/ 22 May 2013

New York: City existential

New York: City Existential

There is something about cities, particularly large ones. They draw you in and feed (on) your hopes and ambitions to a scale, I suspect, that is just as large as they are. Cities, for all intents and purposes, carry the burden of being one of mankind’s greatest projects for it is in their spaces that nature is tamed, where concrete and tar are dominant and humans are the soul that give them life.

My first encounter with a city was as a university student. Like almost any young person born in a small town, I harboured the desire to leave as soon as I could, to get away from the dullness and the lack of activity, or rather the unfortunate abundance of repetitive events – boring bashes and meaningless drunken sprees – where thoughts of what the next five years held in store were not entertained, perhaps out of fear of what they would reveal.

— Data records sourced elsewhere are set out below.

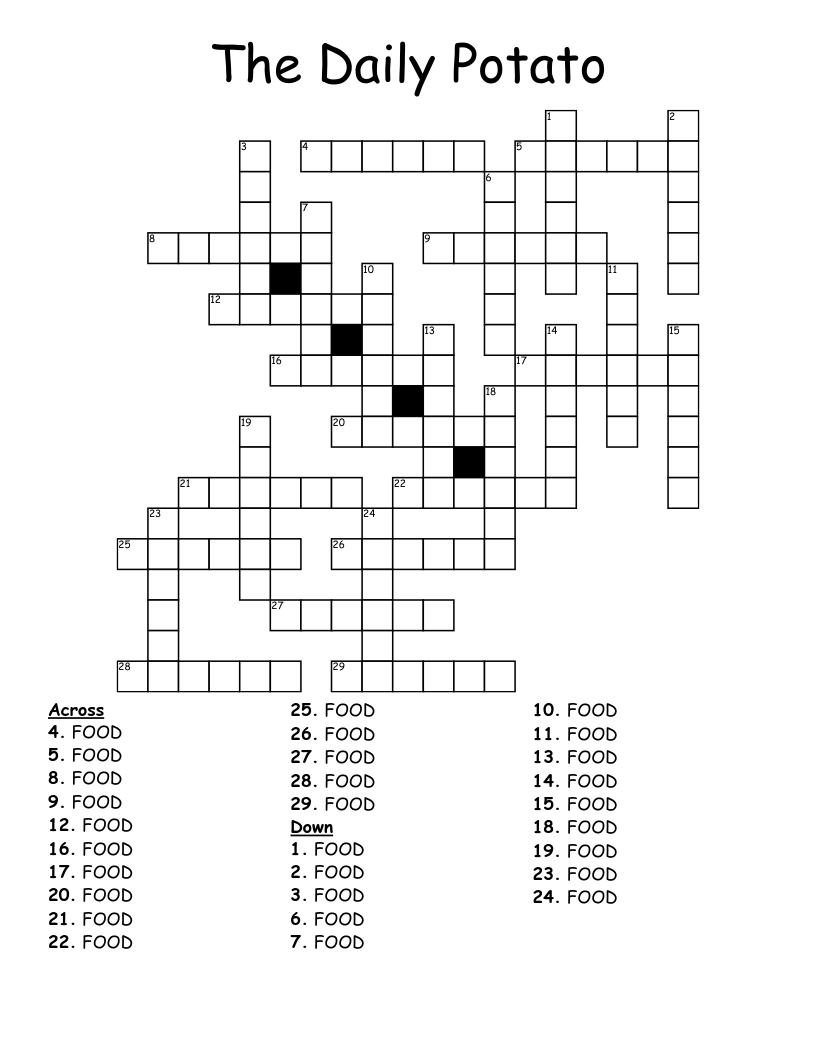 Potato Crossword WordMint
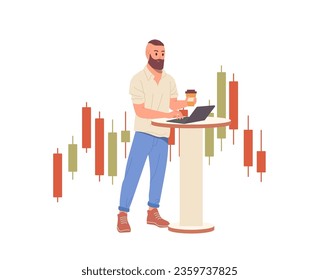 Man trader working on laptop computer analyzing data doing financial stock market research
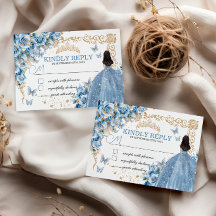 Baby Blue Oro Quinceañera Princesa Mariposa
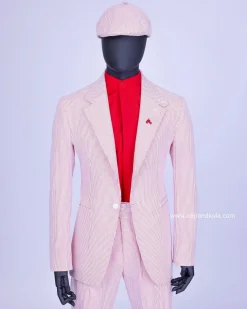 A seersucker (rail road stripe) notch lapel suit with patch pocket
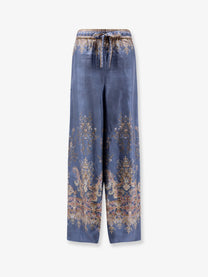 Zimmermann Women's Valiant Track Silk Trousers Blue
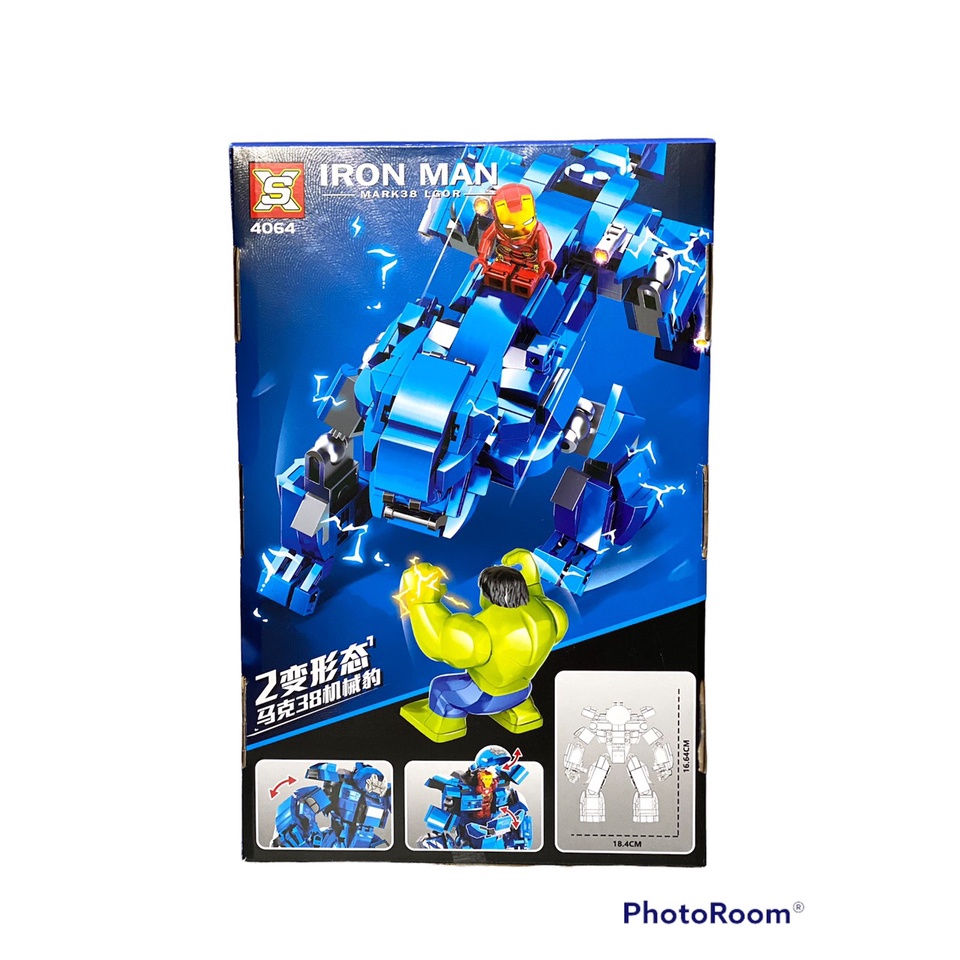 Bộ xếp hình lego lắp ghép IRONMAN HULKBUSTER 4062 4063 4064 4065 lôgo Hammerhead Siêu Robot Hulk Buster người sắt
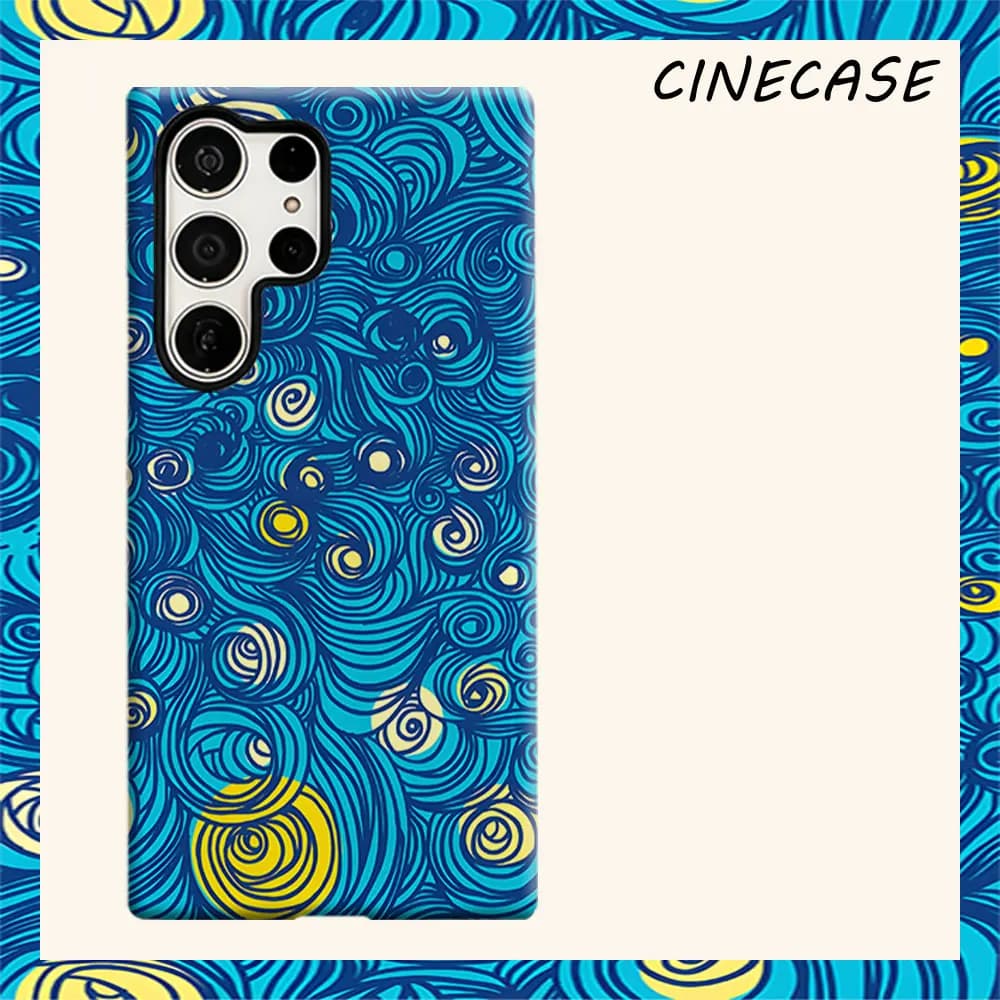 Van Gogh Blue Wave Tile For Samsung Galaxy S26 S25 S24 A56 A36 Dual Layer Luxury Fashion Full Lens Protective Case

The strange thing about cities, however, is that they are as misleading as they are grand. The progress they feign to represent is one that both advantages and disadvantages. The former is always noticeable, while the latter rambles along the edge of memory. It may be that the the disadvantages carry with them the kinds of limits people would rather not entertain.

These limits include, at the most basic level, high probabilities of unsustainability – water, food and energy whose supply can at any moment be rendered precarious. To counter any possible and negative ramifications, we coin new terms such as green and sustainable cities and we adjust our use of cities slightly. But in the bustle of cities, I am inclined to believe that every now and then people yearn for simpler times, something that a city cannot offer.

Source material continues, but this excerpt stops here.